Our study has its limitations. Because of the retrospective nature of this study, there were some patients who were reported to die of postoperative tumour metastasis, but the accurate metastatic sites were not recorded. These patients were excluded, because without the record of accurate metastatic sites we could not make sure that they really died of distant organ metastases but not local recurrence. As many patients were excluded in this study, a selection bias may exist, which contributed to potential lack of generalisability of our results.Tissue microarrays are useful for initial screening of large numbers of patients in clinical research; however, because of the heterogeneity of tumours (Gerlinger et al, 2012), the results may need validation by analysing larger tissue specimens before clinical application. Immunohistochemical analysis is the most widely used method to detect gene expression, because it is easy to apply and inexpensive. However, some variation in methodological factors, such as different primary antibodies, wide range of dilutions, different cut-off points used by investigators, and storage time and fixation method of paraffin-embedded tissues, may contribute to different result of protein expression. We believe more prospectively collected data from multiple centres were essential to test our results.

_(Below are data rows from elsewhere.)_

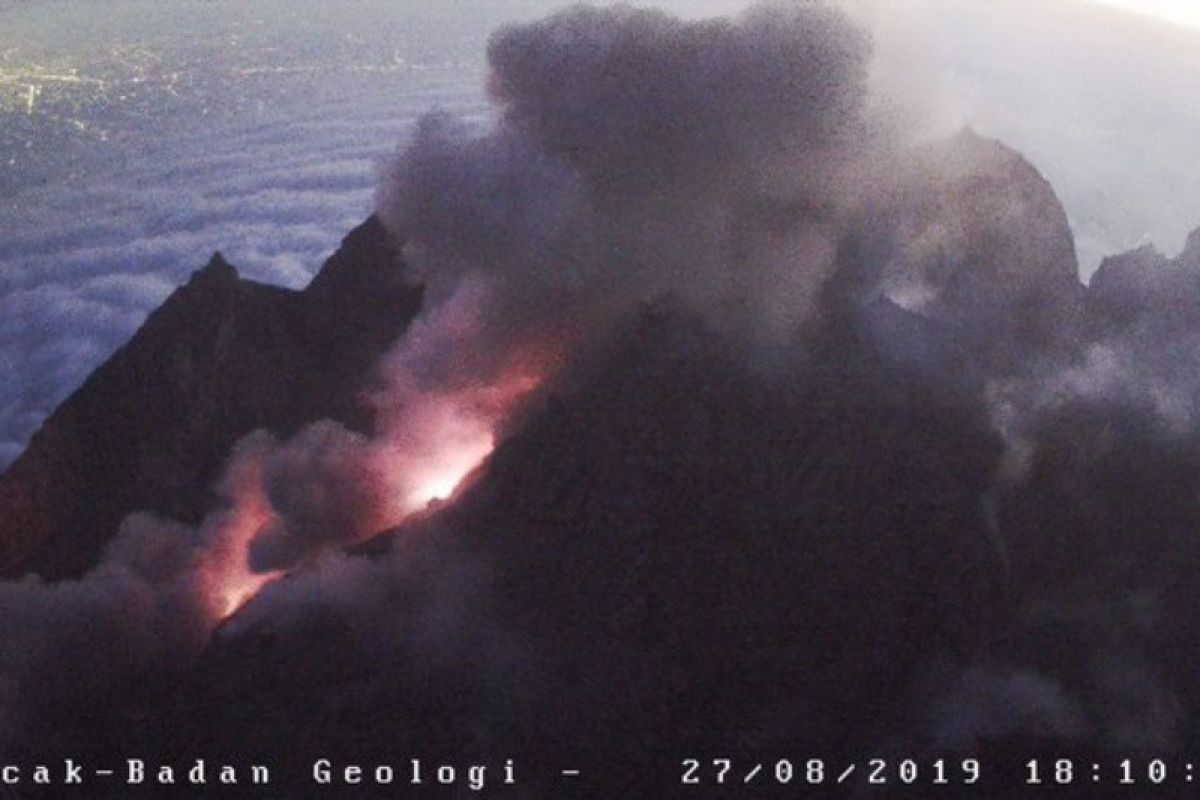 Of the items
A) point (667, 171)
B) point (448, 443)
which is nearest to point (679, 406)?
point (448, 443)

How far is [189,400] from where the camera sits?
54.0 m

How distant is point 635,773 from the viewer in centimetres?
2978

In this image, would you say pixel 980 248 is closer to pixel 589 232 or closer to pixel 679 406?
pixel 679 406

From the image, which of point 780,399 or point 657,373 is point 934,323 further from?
point 657,373

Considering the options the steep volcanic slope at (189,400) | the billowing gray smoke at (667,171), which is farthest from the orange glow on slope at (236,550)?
the billowing gray smoke at (667,171)

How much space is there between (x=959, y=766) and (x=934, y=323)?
719 inches

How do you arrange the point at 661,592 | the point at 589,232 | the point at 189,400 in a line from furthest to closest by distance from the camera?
the point at 189,400, the point at 589,232, the point at 661,592

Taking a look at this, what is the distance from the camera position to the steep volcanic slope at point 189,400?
174 ft

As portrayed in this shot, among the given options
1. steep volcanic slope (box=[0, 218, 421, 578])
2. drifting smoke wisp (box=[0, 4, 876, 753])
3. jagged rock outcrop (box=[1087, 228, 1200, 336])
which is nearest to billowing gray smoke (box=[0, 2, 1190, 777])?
drifting smoke wisp (box=[0, 4, 876, 753])

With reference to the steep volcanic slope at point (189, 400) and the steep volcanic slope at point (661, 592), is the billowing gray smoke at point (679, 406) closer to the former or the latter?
the steep volcanic slope at point (661, 592)

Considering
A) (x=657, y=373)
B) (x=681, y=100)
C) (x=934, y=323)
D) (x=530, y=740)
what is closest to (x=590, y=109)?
(x=681, y=100) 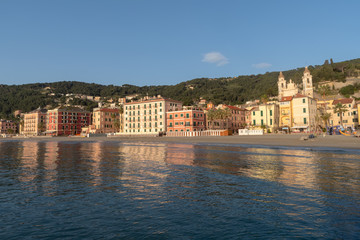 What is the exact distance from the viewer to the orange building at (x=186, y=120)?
303 feet

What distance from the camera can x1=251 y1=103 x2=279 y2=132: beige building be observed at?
87.4 meters

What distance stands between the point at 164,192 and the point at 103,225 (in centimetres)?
428

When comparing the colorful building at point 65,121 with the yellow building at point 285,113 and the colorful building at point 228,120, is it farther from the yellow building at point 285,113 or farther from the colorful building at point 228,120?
the yellow building at point 285,113

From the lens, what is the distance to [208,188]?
12.6 metres

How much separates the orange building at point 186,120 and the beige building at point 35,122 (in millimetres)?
88558

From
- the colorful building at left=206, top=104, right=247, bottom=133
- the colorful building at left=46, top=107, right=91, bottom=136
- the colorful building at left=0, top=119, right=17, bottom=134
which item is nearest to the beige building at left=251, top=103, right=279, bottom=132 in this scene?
the colorful building at left=206, top=104, right=247, bottom=133

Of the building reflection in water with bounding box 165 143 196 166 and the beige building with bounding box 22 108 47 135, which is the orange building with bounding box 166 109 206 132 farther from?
the beige building with bounding box 22 108 47 135

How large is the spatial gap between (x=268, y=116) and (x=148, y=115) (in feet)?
152

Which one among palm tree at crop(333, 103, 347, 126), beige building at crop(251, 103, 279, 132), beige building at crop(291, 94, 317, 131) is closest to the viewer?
beige building at crop(291, 94, 317, 131)

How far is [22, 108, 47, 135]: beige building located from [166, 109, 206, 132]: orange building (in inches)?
3487

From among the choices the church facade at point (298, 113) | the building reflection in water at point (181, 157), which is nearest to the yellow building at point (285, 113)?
the church facade at point (298, 113)

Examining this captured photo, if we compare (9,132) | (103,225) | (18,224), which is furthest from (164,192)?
(9,132)

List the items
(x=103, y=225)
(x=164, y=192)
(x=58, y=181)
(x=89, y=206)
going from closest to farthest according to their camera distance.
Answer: (x=103, y=225), (x=89, y=206), (x=164, y=192), (x=58, y=181)

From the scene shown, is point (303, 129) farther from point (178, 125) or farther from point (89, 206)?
point (89, 206) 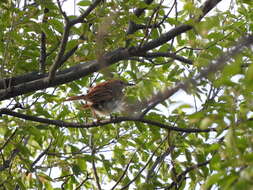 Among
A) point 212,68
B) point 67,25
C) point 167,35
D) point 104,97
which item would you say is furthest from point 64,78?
point 212,68

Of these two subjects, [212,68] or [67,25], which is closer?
[212,68]

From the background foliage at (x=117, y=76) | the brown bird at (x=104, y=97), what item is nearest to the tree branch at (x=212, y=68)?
the background foliage at (x=117, y=76)

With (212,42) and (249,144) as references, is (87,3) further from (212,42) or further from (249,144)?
(249,144)

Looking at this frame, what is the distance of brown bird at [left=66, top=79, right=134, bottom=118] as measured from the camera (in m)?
5.97

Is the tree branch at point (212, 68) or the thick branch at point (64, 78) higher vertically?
the thick branch at point (64, 78)

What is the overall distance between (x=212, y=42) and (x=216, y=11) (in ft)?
2.00

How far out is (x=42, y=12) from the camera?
4.39 m

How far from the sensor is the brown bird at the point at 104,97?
19.6 feet

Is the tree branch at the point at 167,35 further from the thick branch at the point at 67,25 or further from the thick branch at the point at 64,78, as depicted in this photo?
the thick branch at the point at 67,25

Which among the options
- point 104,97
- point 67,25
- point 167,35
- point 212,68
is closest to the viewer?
point 212,68

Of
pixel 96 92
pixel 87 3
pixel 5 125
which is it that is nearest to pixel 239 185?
pixel 87 3

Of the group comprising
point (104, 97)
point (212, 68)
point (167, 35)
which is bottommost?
point (212, 68)

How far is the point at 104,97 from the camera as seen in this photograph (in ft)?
21.1

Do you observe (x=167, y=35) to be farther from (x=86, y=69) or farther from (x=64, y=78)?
(x=64, y=78) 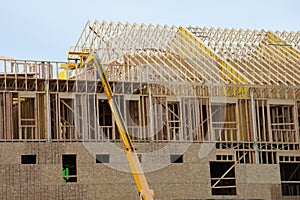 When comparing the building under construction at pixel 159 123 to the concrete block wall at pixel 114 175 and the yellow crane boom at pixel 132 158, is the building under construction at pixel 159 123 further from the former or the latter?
the yellow crane boom at pixel 132 158

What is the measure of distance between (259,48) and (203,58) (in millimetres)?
3963

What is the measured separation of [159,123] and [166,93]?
1.45 meters

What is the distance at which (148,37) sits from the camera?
36344mm

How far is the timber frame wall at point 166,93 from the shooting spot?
95.5 feet

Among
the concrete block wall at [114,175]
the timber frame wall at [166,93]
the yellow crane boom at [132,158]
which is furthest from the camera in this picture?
the timber frame wall at [166,93]

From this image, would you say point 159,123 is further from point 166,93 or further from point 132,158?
point 132,158

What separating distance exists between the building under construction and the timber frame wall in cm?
6

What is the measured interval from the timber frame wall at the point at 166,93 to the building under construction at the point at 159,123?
6cm

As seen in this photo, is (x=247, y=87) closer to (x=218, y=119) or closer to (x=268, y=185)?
(x=218, y=119)

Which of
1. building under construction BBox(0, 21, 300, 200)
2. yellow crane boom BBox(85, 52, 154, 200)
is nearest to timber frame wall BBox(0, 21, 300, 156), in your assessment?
building under construction BBox(0, 21, 300, 200)

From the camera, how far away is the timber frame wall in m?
29.1

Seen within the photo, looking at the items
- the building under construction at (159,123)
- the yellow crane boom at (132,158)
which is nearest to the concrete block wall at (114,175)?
the building under construction at (159,123)

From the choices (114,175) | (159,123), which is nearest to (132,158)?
(114,175)

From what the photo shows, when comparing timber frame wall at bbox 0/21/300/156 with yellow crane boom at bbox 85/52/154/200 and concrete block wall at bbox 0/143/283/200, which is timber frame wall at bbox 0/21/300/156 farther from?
yellow crane boom at bbox 85/52/154/200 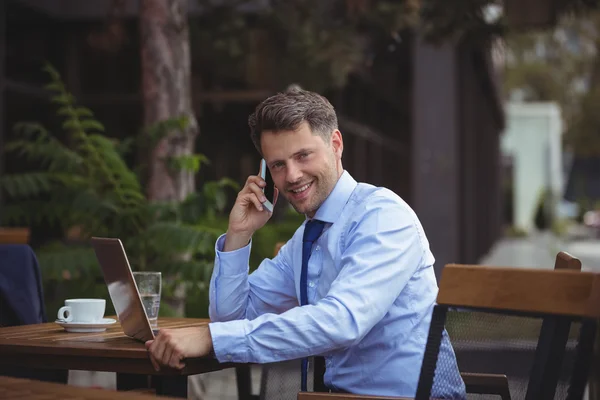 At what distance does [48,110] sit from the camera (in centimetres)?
1319

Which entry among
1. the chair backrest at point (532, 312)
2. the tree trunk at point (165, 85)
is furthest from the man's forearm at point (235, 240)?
the tree trunk at point (165, 85)

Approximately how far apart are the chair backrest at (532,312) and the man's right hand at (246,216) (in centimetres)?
93

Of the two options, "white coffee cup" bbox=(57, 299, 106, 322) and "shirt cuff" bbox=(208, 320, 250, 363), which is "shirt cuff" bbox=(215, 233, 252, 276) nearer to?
"white coffee cup" bbox=(57, 299, 106, 322)

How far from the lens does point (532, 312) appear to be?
2.73 meters

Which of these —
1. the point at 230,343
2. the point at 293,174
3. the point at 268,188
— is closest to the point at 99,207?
the point at 268,188

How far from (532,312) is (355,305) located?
0.66 metres

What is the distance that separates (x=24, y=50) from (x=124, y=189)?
6985 mm

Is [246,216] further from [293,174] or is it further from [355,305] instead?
[355,305]

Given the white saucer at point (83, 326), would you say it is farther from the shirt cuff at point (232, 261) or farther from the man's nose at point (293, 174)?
the man's nose at point (293, 174)

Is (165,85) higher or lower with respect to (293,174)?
higher

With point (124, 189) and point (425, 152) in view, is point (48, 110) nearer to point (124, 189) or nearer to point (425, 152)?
point (425, 152)

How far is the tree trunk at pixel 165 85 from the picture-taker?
738 cm

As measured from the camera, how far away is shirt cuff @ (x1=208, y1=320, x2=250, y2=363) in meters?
3.23

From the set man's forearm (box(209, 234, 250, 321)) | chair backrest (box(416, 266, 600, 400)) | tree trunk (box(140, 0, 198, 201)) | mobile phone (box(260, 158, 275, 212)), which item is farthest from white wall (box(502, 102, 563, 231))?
chair backrest (box(416, 266, 600, 400)) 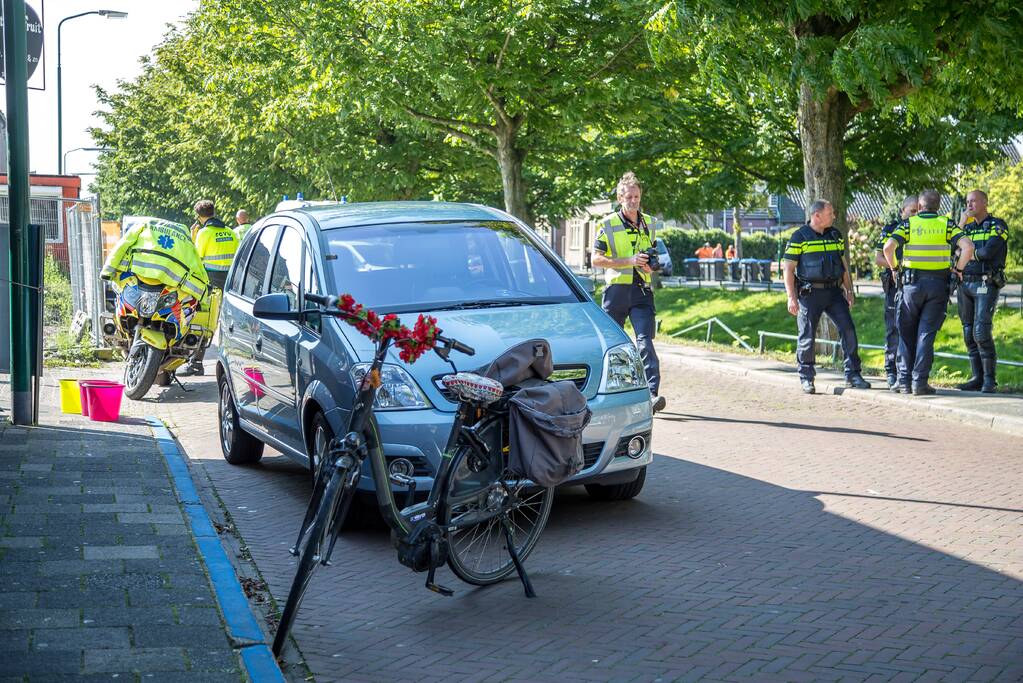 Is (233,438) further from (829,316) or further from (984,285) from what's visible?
(984,285)

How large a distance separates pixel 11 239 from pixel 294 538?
419cm

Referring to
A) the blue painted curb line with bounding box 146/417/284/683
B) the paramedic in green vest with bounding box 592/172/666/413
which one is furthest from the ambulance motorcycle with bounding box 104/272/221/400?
the blue painted curb line with bounding box 146/417/284/683

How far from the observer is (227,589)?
18.0 ft

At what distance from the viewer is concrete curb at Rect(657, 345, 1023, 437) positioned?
11.1m

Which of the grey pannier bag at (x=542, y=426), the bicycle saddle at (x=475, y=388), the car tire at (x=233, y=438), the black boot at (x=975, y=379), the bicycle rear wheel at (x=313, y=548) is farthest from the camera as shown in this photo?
the black boot at (x=975, y=379)

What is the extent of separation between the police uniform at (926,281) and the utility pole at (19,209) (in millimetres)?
8100

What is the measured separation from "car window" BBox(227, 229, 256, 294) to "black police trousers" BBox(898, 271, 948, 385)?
6.88m

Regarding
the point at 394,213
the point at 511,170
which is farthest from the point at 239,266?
the point at 511,170

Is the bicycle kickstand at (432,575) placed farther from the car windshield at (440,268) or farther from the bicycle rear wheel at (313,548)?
the car windshield at (440,268)

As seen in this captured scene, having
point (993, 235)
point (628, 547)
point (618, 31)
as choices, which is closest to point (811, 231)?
point (993, 235)

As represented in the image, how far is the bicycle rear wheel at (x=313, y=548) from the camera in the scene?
474 centimetres

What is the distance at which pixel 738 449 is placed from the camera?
32.4ft

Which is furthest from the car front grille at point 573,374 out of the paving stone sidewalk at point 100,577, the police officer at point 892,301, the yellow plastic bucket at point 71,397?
the police officer at point 892,301

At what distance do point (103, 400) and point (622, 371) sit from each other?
518 cm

In conclusion, we have designed effective SVM-based models by combining clinicopathological features and molecular markers as variables for helping select the patients of OSCC with high risk of postoperative distant organ metastasis. With the help of these models, a tailored adjuvant therapy strategy for operable OSCC might become possible. An evaluation of this strategy for clinical use by prospective randomised clinical trial will be necessary.